"Courage is found in unlikely places." -J.R.R. Tolkien
Almost five years ago I was diagnosed with Cluster Headaches (The Beast). Four years ago today I was forced out of my fulltime job as a mental health counselor due to the chronic pain of The Beast. November 8, 2010 my world was rocked. I never understood how much of ME was defined by my work. It took me a long time to find my place in the world, being a mental health counselor was it. No one could tell me that I wasn't good at what I did. And walking away from it that day was completely devastating. I fought with my devastation for a long time. There are still days that I am smacked in the face by it. Not a day goes by that I don't fight to get back to it. Sitting here now I have tears in my eyes as I mourn what was.....
While I do allow myself time to mourn what was, I no longer punish myself for what isn't. That sounds strange. Why would I punish myself for a situation I had no control over? See that's just it, for so long I believed that if I had just tried harder I could have pushed through the pain. It has taken me a long time to understand that I gave work my all, right up until the day I walked away from it to take care of myself.
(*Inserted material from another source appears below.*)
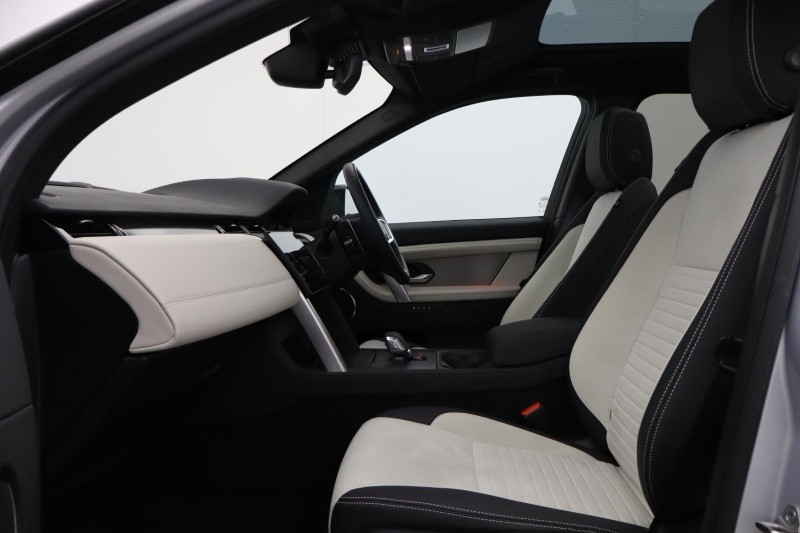 2024 (24) LAND ROVER DISCOVERY SPORT 2.0 D200 Dynamic SE 5dr Auto [7 Seat] 5178612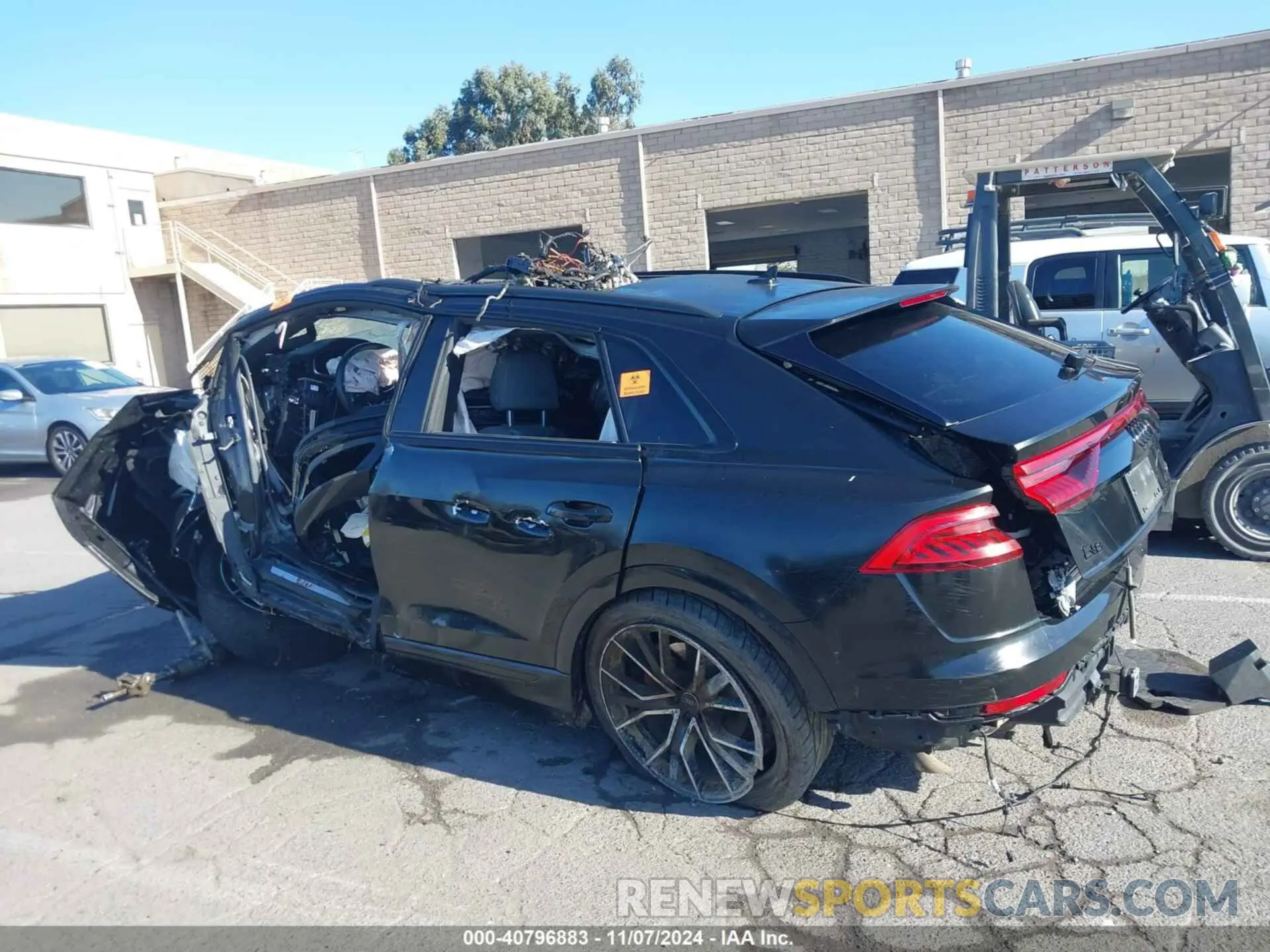 3 Photograph of a damaged car WA1FVBF10ND006298 AUDI Q8 2022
Through these last four years I have realized for the first time in my life how strong I am. There is not a day that goes by that I don't fight for each moment I am living life. I accept small wins as big accomplishments. I find a way to make a difference, even if no one else realizes it. And I allow myself to be who I am. I am not perfect. I make mistakes. There are days that the only thing I can do is get out of bed only to move to my chair, and in my world, that is OK. I have found others who also battle The Beast and understand exactly how devastating all of this can be. I am here today, with an amazing family who has cheered for me when I'm struggling, fought for me when I can't and put me back on track when I have veered to far off course. For all of these things I am one lucky lady. Today I celebrate all that I have gained in the last four years.